(Task to carry out): Repeat every entry exactly. Pictures stay out.
Source records START
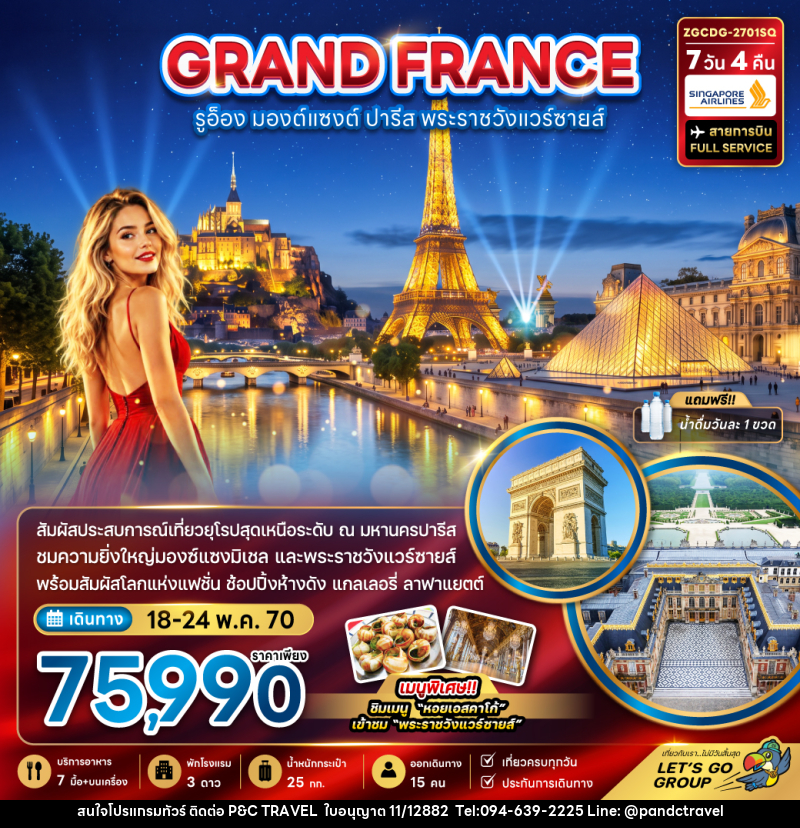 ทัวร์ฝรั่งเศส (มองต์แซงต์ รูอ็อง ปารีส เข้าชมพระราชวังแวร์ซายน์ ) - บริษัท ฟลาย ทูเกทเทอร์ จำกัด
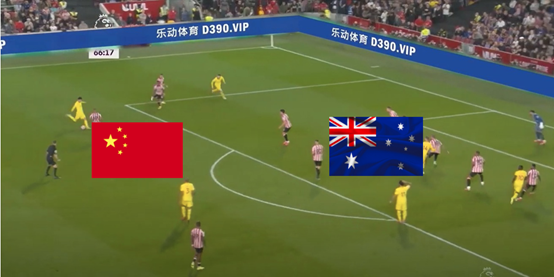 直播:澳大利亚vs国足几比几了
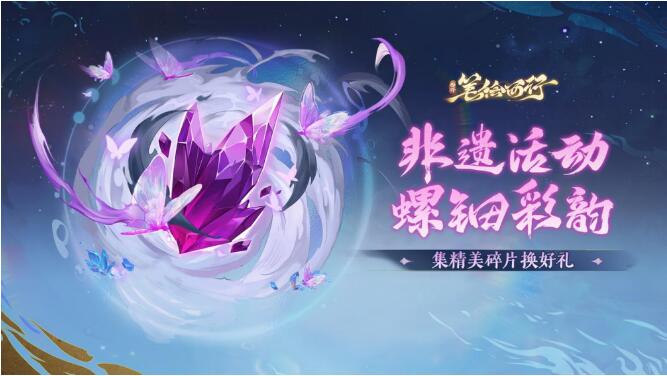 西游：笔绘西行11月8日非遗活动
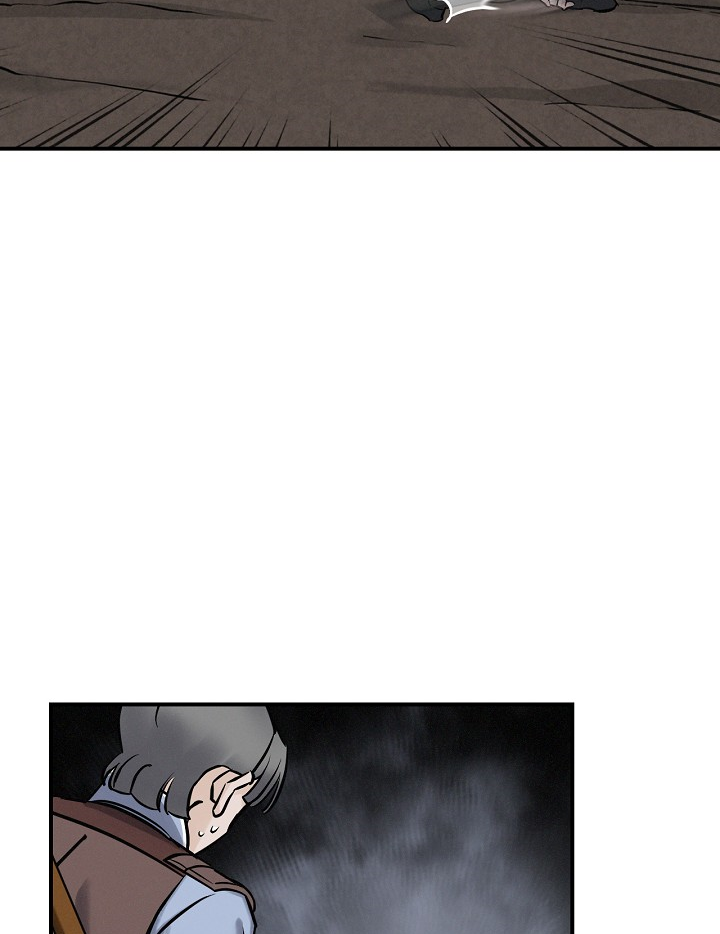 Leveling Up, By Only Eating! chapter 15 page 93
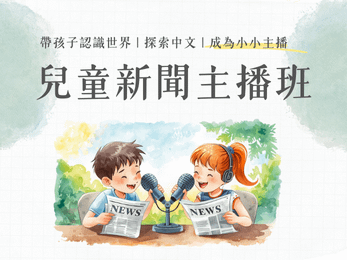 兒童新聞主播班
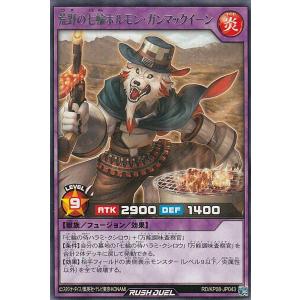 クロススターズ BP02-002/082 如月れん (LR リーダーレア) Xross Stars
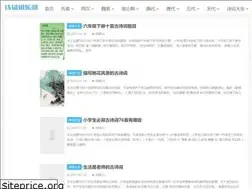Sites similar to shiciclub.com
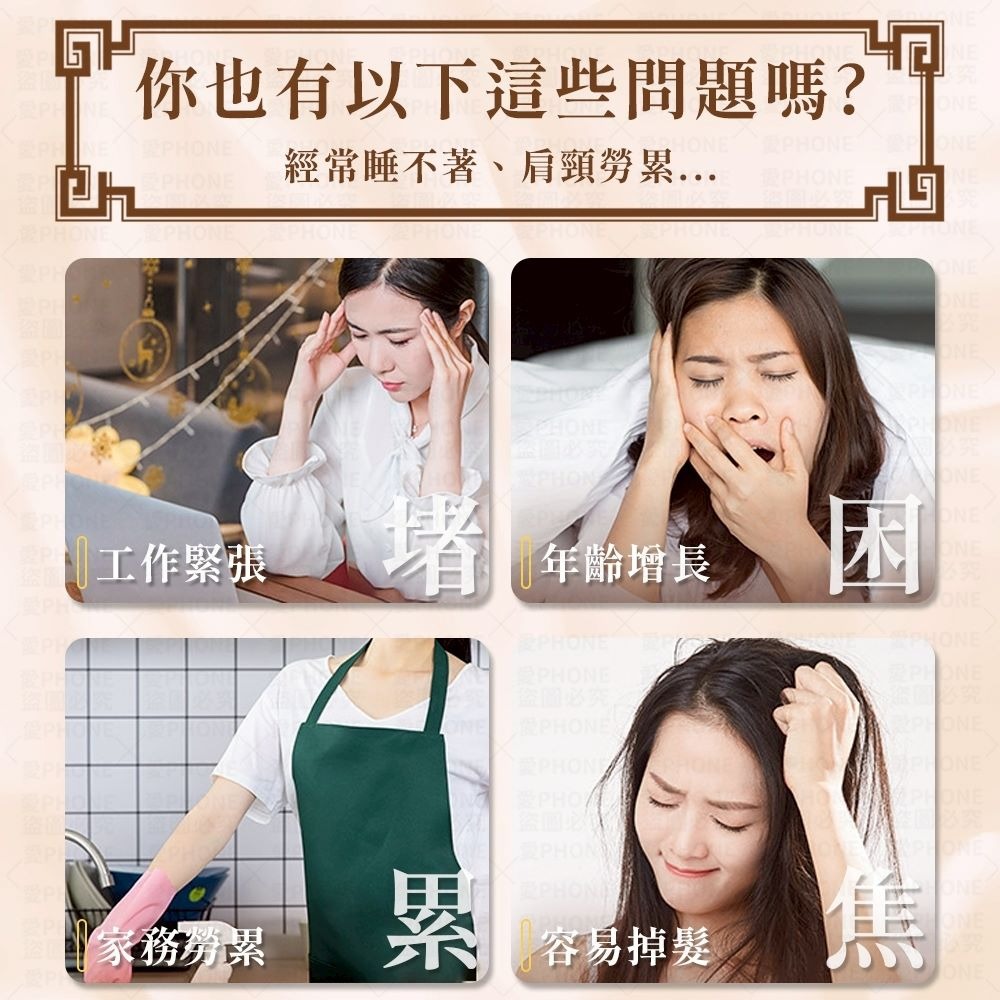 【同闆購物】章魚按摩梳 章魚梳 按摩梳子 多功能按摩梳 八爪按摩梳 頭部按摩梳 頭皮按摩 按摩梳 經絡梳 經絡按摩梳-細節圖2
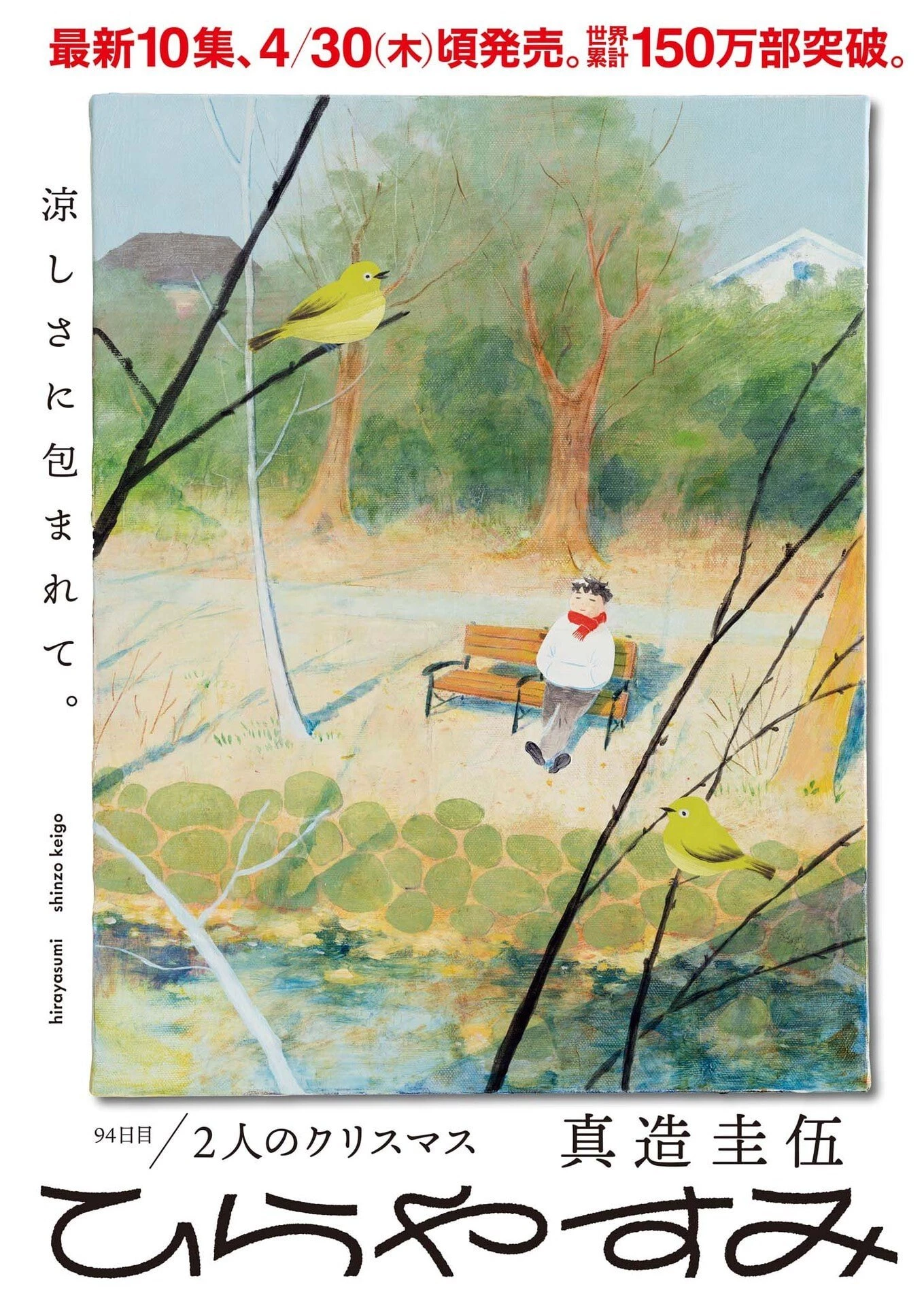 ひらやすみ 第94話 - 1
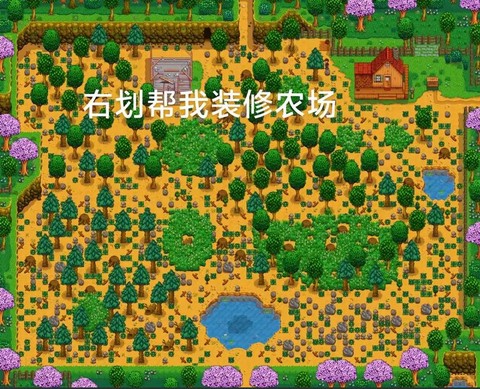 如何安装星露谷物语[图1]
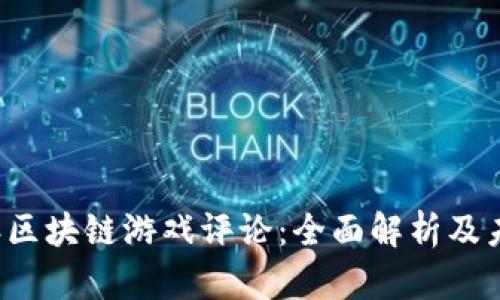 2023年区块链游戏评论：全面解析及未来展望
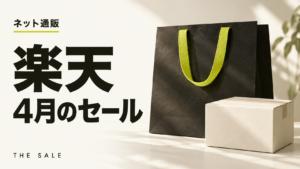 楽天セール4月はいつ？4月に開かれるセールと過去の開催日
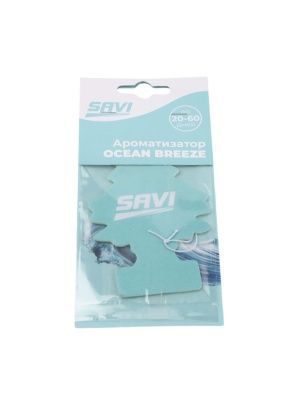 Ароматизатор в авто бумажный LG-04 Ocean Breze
Source records END
(Reply):
 ทัวร์ฝรั่งเศส (มองต์แซงต์ รูอ็อง ปารีส เข้าชมพระราชวังแวร์ซายน์ ) - บริษัท ฟลาย ทูเกทเทอร์ จำกัด
 直播:澳大利亚vs国足几比几了
 西游：笔绘西行11月8日非遗活动
 Leveling Up, By Only Eating! chapter 15 page 93
 兒童新聞主播班
 クロススターズ BP02-002/082 如月れん (LR リーダーレア) Xross Stars
Sites similar to shiciclub.com
 【同闆購物】章魚按摩梳 章魚梳 按摩梳子 多功能按摩梳 八爪按摩梳 頭部按摩梳 頭皮按摩 按摩梳 經絡梳 經絡按摩梳-細節圖2
 ひらやすみ 第94話 - 1
 如何安装星露谷物语[图1]
 2023年区块链游戏评论：全面解析及未来展望
 楽天セール4月はいつ？4月に開かれるセールと過去の開催日
 Ароматизатор в авто бумажный LG-04 Ocean Breze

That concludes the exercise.